The collection begins strongly, Liu determined to cut X-23 away from her grim former cycle of revenge and destruction, and the question asked throughout is whether Wolverine’s clone is more than the sum of her conditioning. Can she resist killing, or is a killer all she’ll ever be? Liu investigates this theme via holding up assorted mirrors to Laura, other clones, other killers and other mutants. Liu also makes a point of switching genres. A teaming with Spider-Man and the Fantastic Four in New York is a straightforward Marvel superhero story of a type X-23 hasn’t previously been involved in, and the first couple of chapters are great. “I have heard of you”, Laura tells Valeria Richards, “you possess a genius level intellect”. “Yes, I’ve heard about you too”, responds Valeria, “you kill people”.
Other artists are good, but the star turn is the phenomenally talented Sana Takeda, although her first full chapter doesn’t make the most of her skillset. She draws a beautiful shark (and later a beautiful dragon), but the inherent savagery of claws against teeth isn’t rammed home. Where she’s far stronger is with the eyes being the window to the soul, plenty of panels showing a melancholy Laura swamped by self-doubt. The single best chapter is set in Paris with Gambit, Jubilee and Wolverine, a long night of the soul in which much is discussed, and it’s difficult to imagine any other artist here drawing it as effectively. Every one of them has a fundamentally decorative style, Ryan Stegman immense, and Will Conrad very good, but blotting his copybook by the objectionable poses for women. Phil Noto’s stock in trade is precision, which leaves some pages looking static, but with some beautiful individual images, and he also deserves credit for actually drawing Jubilee with features resembling the Asian American she is.

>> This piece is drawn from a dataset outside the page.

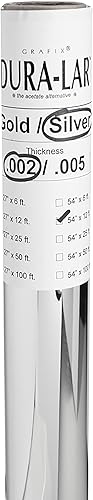 Grafix Rollo Dura-Lar plateado de 002" de 54" x 12 pies, 12 pies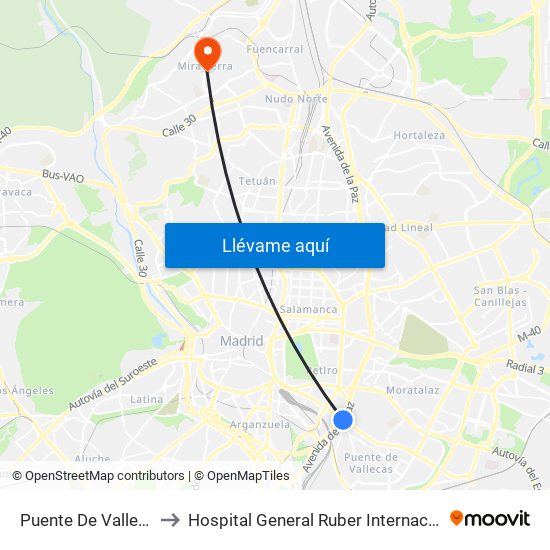 Puente De Vallecas to Hospital General Ruber Internacional map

While the first two-thirds of this collection is very readable, what eventually drags it down over the final third is Liu constantly throwing X-23 into one new experience after another, with little substance other than a desire to surprise as to the circumstances Laura finds herself in. X-23 babysitting? X-23 vs the Collector? X-23 on a spiritual journey with wolves and Native Americans? None of them grab the attention. Over this section only a night out with Jubilee has any great resonance, a day of joy followed by a worthwhile job done well. The remainder is very readable, the character development thoughtful compared with Laura’s previous incarnations, and the circumstances permitting it, thrilling.
If preferred, the better material is found in The Killing Dream, Daken/X-23: Collision (along with extra chapters), and Chaos Theory, where things begin to tail off, while the art and the Jubilee story are the only highlights found in Don’t Look Back.